In this special meeting between these two people, both need to know that no one has the capacity to heal anyone but himself. In the vibrational medicine approach, the practitioner is just the facilitator of the self-help process of the other being, helping him to perceive causes and eliminating them in a self-transformational process. In order to be successful in this task, the practitioner should not use ready formulas, because in this case these technical procedures will be much less effective. It is important to be totally focused on the one who is there looking for help, as well as on the voice of the Superior Self. For this, the sensitivity of an artist is fundamental. This sensitivity associated with a deep knowledge of a therapeutic art can help the sufferer find their own way to harmony, inner peace and health.

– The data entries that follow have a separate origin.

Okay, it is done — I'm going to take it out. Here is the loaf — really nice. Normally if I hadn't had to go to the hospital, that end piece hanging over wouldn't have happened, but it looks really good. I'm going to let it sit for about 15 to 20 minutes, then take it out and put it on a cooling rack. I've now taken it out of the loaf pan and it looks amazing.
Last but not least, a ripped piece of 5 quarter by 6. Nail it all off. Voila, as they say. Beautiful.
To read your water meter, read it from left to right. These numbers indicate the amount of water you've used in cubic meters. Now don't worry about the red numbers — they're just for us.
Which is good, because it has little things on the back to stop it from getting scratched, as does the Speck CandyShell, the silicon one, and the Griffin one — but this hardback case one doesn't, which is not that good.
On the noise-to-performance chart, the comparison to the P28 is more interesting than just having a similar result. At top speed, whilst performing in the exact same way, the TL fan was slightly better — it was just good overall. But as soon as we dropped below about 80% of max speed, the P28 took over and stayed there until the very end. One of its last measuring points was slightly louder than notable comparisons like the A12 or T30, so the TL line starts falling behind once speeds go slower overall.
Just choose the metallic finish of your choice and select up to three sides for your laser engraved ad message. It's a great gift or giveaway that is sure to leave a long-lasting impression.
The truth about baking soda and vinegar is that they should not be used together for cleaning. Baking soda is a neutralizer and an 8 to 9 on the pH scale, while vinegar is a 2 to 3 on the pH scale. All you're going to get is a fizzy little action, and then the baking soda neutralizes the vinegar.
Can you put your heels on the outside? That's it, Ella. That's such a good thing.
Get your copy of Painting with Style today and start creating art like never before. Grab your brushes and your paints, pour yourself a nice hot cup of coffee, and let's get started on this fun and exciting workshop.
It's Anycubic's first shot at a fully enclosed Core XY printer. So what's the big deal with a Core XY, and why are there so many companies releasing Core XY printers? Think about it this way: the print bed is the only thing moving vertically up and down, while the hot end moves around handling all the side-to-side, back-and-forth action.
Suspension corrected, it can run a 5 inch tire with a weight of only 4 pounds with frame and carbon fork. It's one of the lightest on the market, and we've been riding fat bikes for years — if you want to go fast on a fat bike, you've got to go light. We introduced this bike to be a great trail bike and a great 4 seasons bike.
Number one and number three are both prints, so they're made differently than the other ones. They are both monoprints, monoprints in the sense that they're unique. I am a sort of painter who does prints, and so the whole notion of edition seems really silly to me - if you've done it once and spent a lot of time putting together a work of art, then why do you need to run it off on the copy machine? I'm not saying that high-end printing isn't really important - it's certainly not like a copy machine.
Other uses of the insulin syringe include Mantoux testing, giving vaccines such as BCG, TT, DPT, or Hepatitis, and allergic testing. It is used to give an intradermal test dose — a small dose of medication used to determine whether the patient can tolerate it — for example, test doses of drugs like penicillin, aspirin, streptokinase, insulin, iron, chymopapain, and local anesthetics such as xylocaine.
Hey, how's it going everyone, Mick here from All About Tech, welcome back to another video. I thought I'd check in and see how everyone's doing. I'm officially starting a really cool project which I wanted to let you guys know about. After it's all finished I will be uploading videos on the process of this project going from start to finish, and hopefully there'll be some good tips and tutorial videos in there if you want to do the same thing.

The history of the healing art (Iatrike) mingles with legend, and it is important to investigate these mythical origins. The Greek-Latin mythology talks about a legendary healer: Chiron the Centaur. Chiron in Greek (Keiron) is probably a short word for Keirurgos, the one who works with his hands, or just the surgeon. This centaur was the master who taught the healing art to famous heroes like Jason, Peleus (the father of Achilles), Achilles and Asclepius. But besides all his knowledge, Chiron was the “wounded healer”, capable of healing all kinds of wounds and sufferings. Yet he could not think of his own wound without destroying himself in a terrible pain.